Thread: [Math] Cosine Similarity problem

  1. #1
    Lean Mean Coding Machine KONI's Avatar
    Join Date
    Mar 2007
    Location
    Luxembourg, Europe
    Posts
    444

    [Math] Cosine Similarity problem

    1. Sorry if this is a math related question in the C board, but this forum lacks a "General Programming" board!

    2. I am currently working on a decision supporting script that takes a number of user inputs and outputs a technology that is best suited to the user needs. In short, I have a huge list of criteria and a list of technologies with their correspondence to these criteria. The user choses the criteria he is interested in, choses the value of the criteria and the script tells him which technology suits his needs.

    I didn't want to build a decision tree because of the high granularity of possible values a decision can take and the horrible inefficiency of node duplication (actually, the reasoning about why I didn't take a decision tree fills 3 pages in my report) so I decided to chose something else: Cosine Similarity.

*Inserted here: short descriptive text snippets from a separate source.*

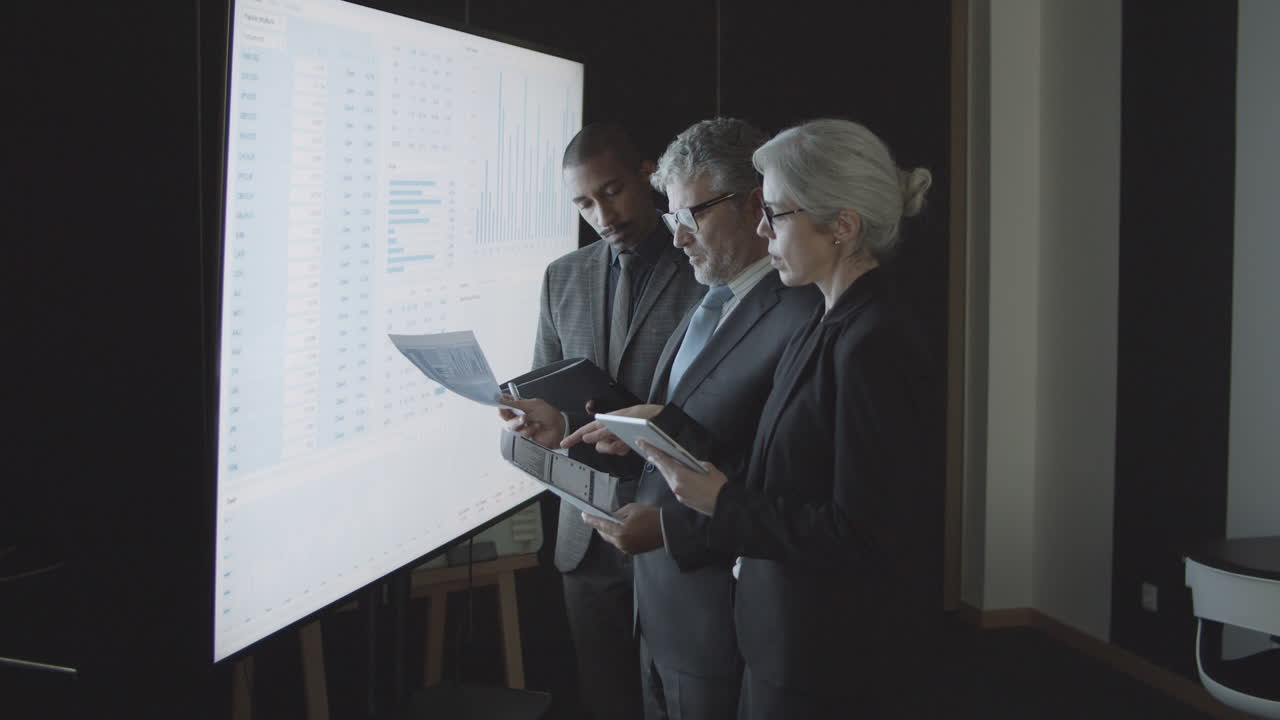 재무 전문가 회의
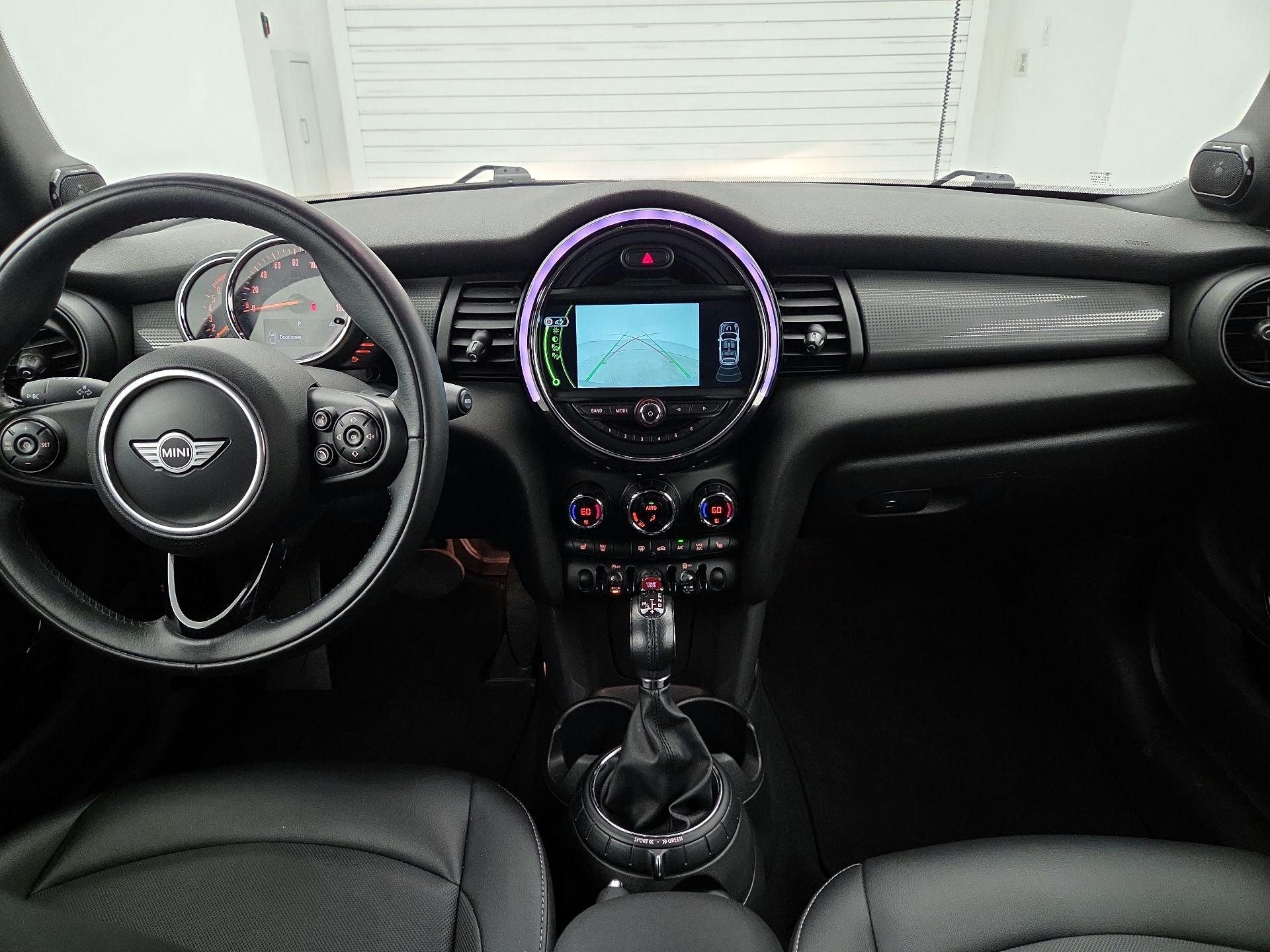Thumbnail: 2017 MINI Cooper - 9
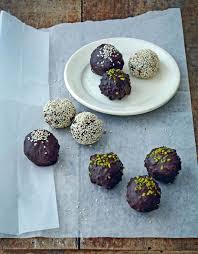 Rochers By Julien Merceron From A La Mere De Famille Cooked Food Food And Drink Chocolatier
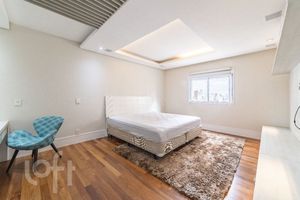 Image 35 - 558993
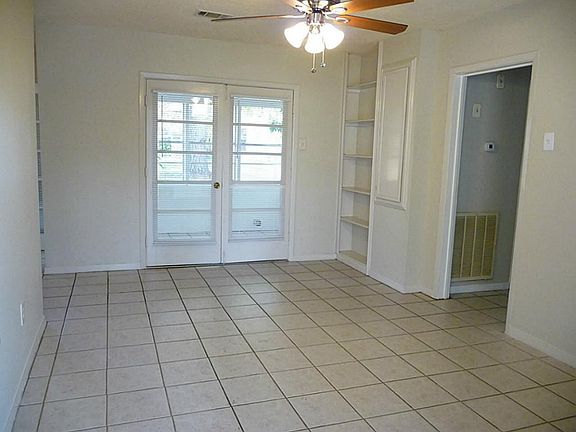 2nd image of 4206 Ella Blvd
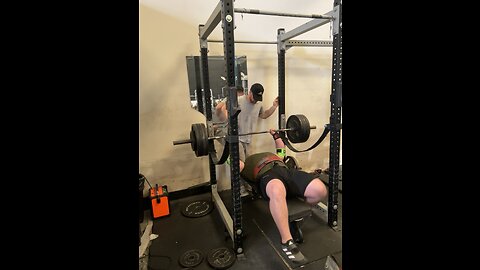 Bench 455lbs for a quick single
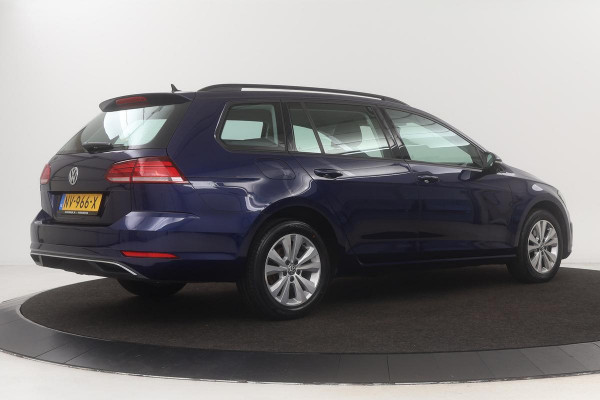 Volkswagen Golf 1.0 TSI Comfortline | Carplay | Adaptive cruise | Navigatie | DAB | Climate control | PDC | Bluetooth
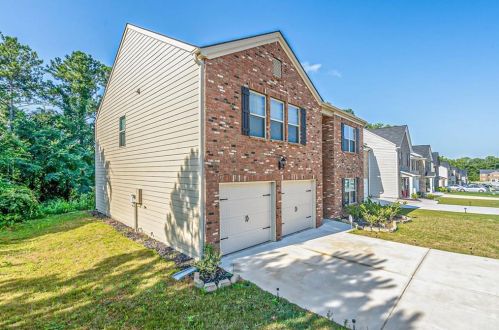 6482 Beaver Creek Trl, Atlanta, GA 30349-4196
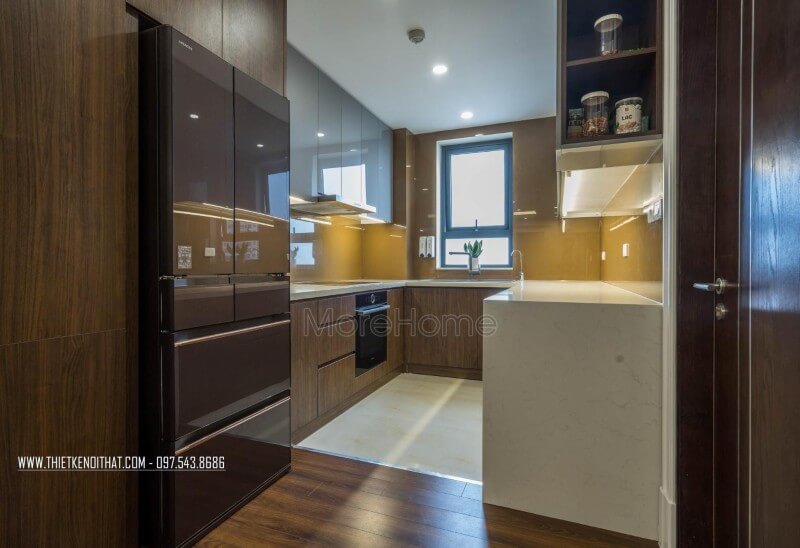 Hệ thống tủ được làm với 2 loại gỗ công nghiệp đó là gỗ MDF và gỗ acrylic bóng gương tạo nên sự sang chảnh và tiện nghi cho căn bếp. Thiết kế tủ bếp chung cư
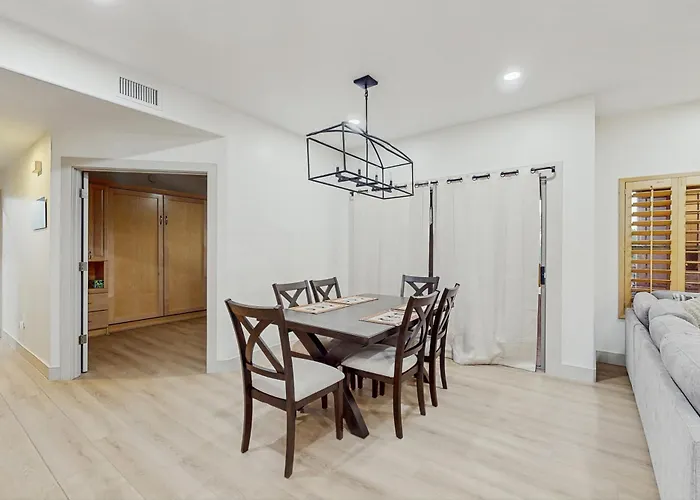 Balcony & Pool Access! Extended In Ferienhaus Scottsdale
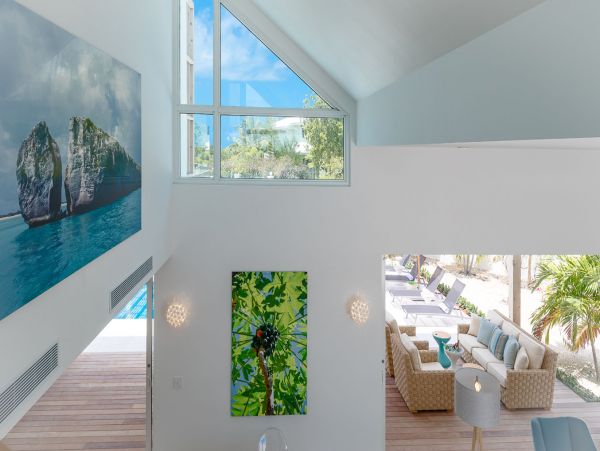 Stunning 3 Bedroom Luxury Villa Steps to the Beach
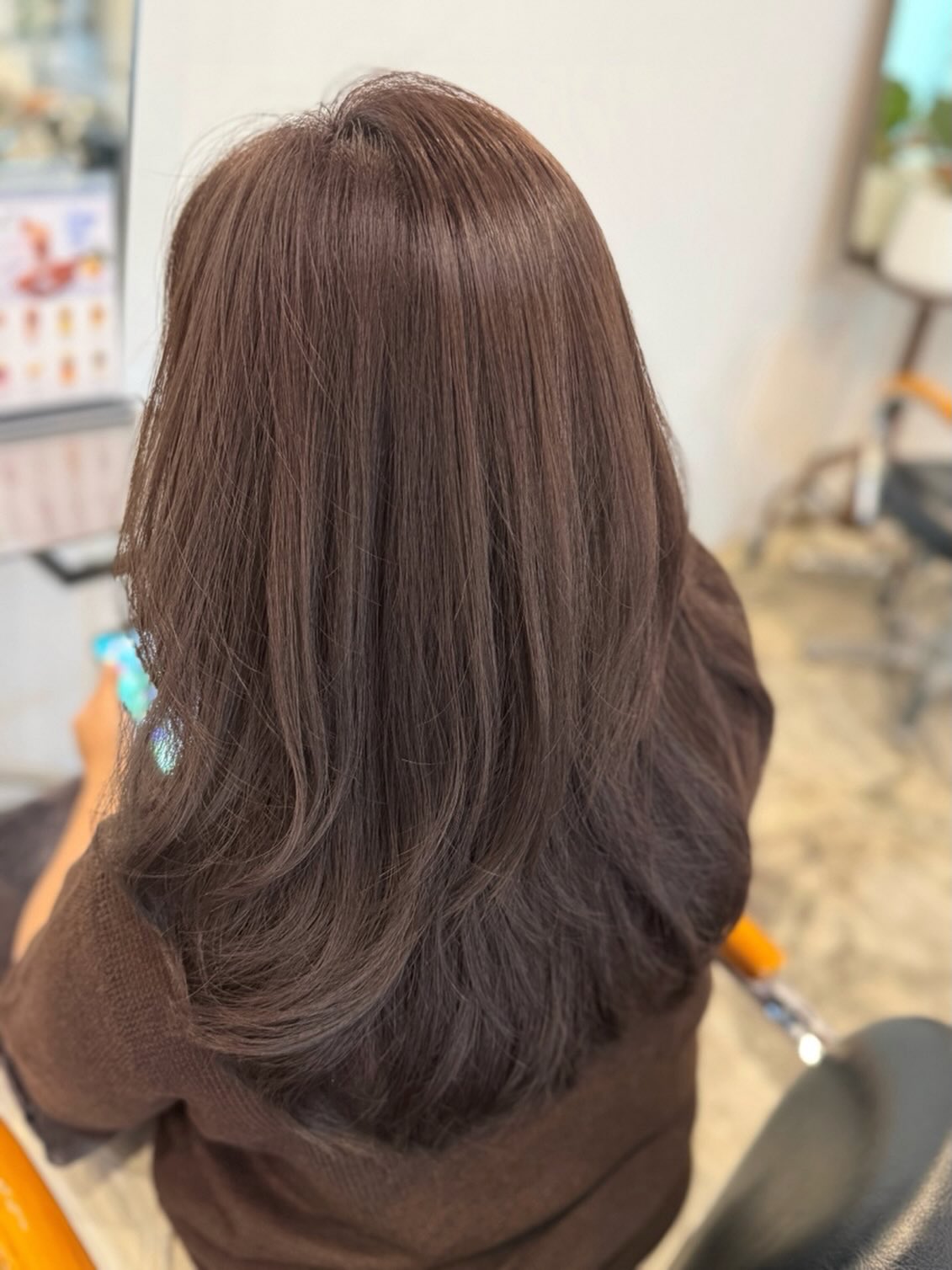 🤎Natural brown สีน้ำตาลธรรมชาติ เป็นโทนสีที่ให้ความรู้สึกละมุน สุภาพ✨

ด้วยความที่เป็นสีโทนกลาง จึงช่วยขับผิวให้ดูสว่างขึ้นอย่างเป็นธรรมชาติ และทำให้เส้นผมดูนุ่ม มีมิติ และเงาสวยมากขึ้น

อีกหนึ่งจุดเด่นคือ “ความเข้ากับทุกสไตล์” จะปล่อยผมธรรมชาติ หรือจัดทรงเพิ่ม ก็ยังดูสวยแบบญี่ปุ่นเบาๆ ได้ทุกวัน

ใครที่กำลังมองหาสีผมที่ทำแล้วไม่เบื่อ ดูดีได้นาน และเหมาะกับทุกโอกาส #สีน้ำตาลธรรมชาติ คือคำตอบที่ลงตัวที่สุดค่ะ😊

🅑🅞🅞🅚🅘🅝🅖 จองคิว.!!
ติดต่อสอบถามโปรโมชั่นได้ที่
---------------------------------------

Hair Atelier ADOR - แฮร์ อเทลเลอร์ อดอร์ 
🧡  𝐓𝐄𝐋: 02-108-9977, 084-044-8900
💚 𝐋𝐈𝐍𝐄 𝐎𝐀: @hairatelierador
📍ทองหล่อ Noble Ora Condo ชั้น 1 
การเดินทาง: 🚝BTS ทองหล่อ/ 🚙 มีที่จอดรถสะดวก
---------------------------------------

#HairAtelierADOR
#ร้านทำผมทองหล่อ
#ร้านทำผมสไตล์ญี่ปุ่น
#バンコク美容室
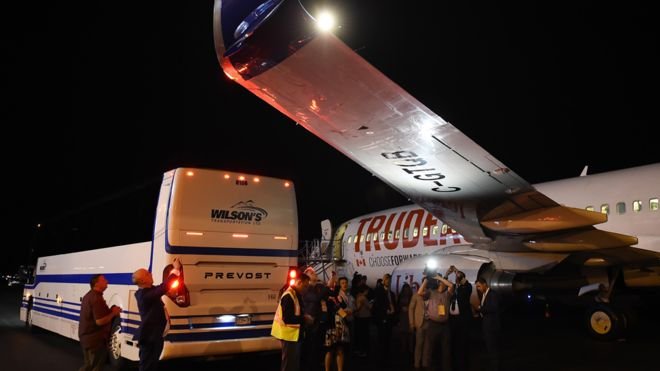  Avionul folosit în campania electorală de premierul Canadei a intrat în coliziune cu un autobuz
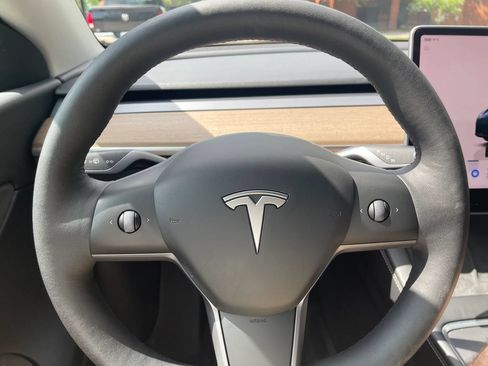 Used 2022 Tesla Model Y Long Range AWD/4WD image 17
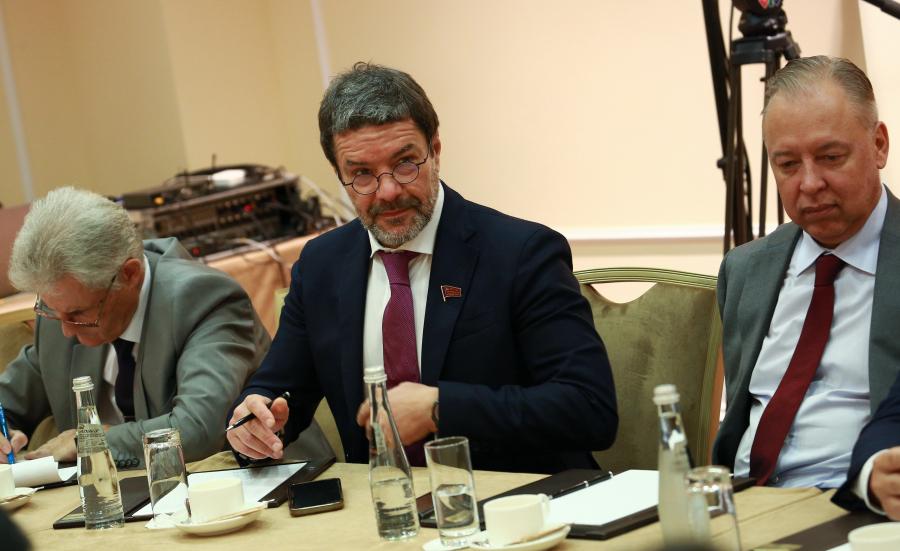 Г.А. Зюганов встретился с Председателем Национального Собрания Социалистической Республики Вьетнам Чан Тхань Манем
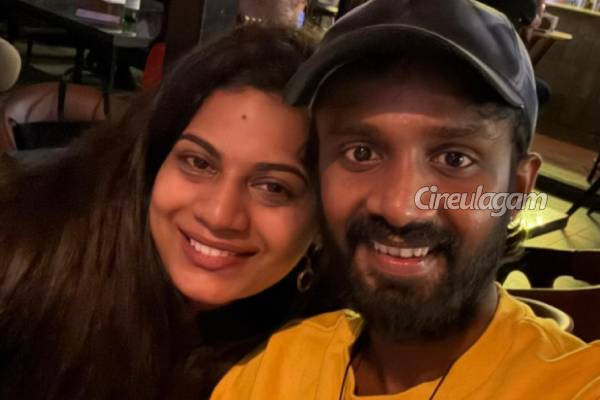 தனது மனைவி கர்ப்பமாக இருக்கும் விஷயத்தை அழகிய போட்டோவுடன் அறிவித்த KPY தீனா.. குவியும் வாழ்த்து | Kpy Dheena Announced His Wife Pregnancy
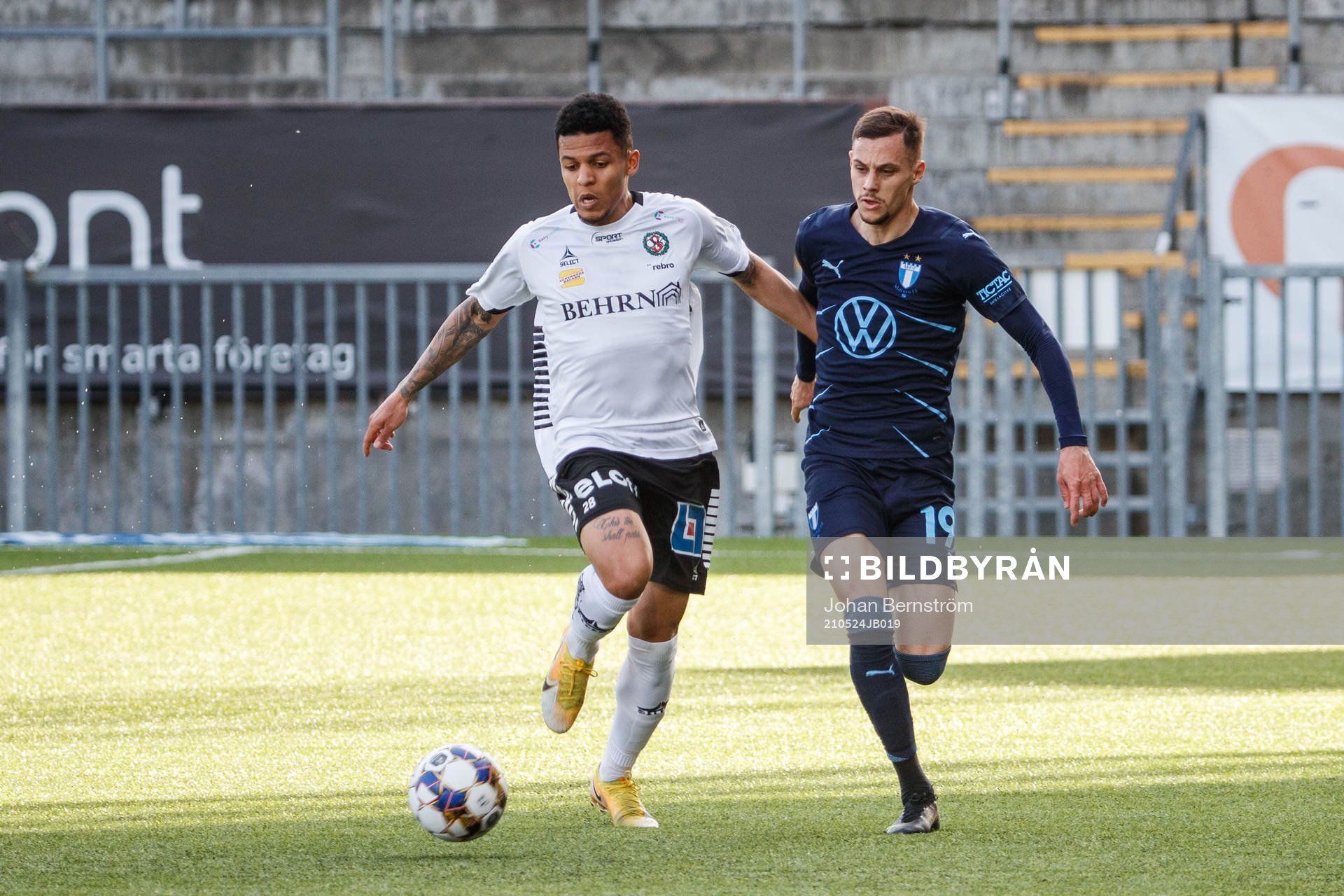 Örebros Romain Gall och Malmö FFs Veljko Birmancevic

    For those of you that don't know what it is, it's the cosine value between two vectors in an N-dimensional space. I'll use the euclidean distance for illustration purpose:

    The technologies are represented by a vector, where each component is the correspondence to a certain criteria.
    The user input is his interest in certain criteria.
    The result of the script is the criteria that minimizes the euclidean distance.

    Illustration:

    Code:
    Technology 1: [0.5, 0.5, 1]
    Technology 2: [1, 0, 0.5]
    
    Input: [1, 0.5, 0.5]
    
    Distance 1: 0.5 + 0 + 0.5 = 1
    Distance 2: 0 + 0.5 + 0 = 0.5
    
    Output: Technology 2
    Up to this point, everything is working fine. I additionally want to give each criteria an importance. I've chosen values between [1, 10] since that allows me to immediatly modify the euclidean distance formular to take into account important:

    dist = sum(imp(i) * abs(x(i) - y(i)))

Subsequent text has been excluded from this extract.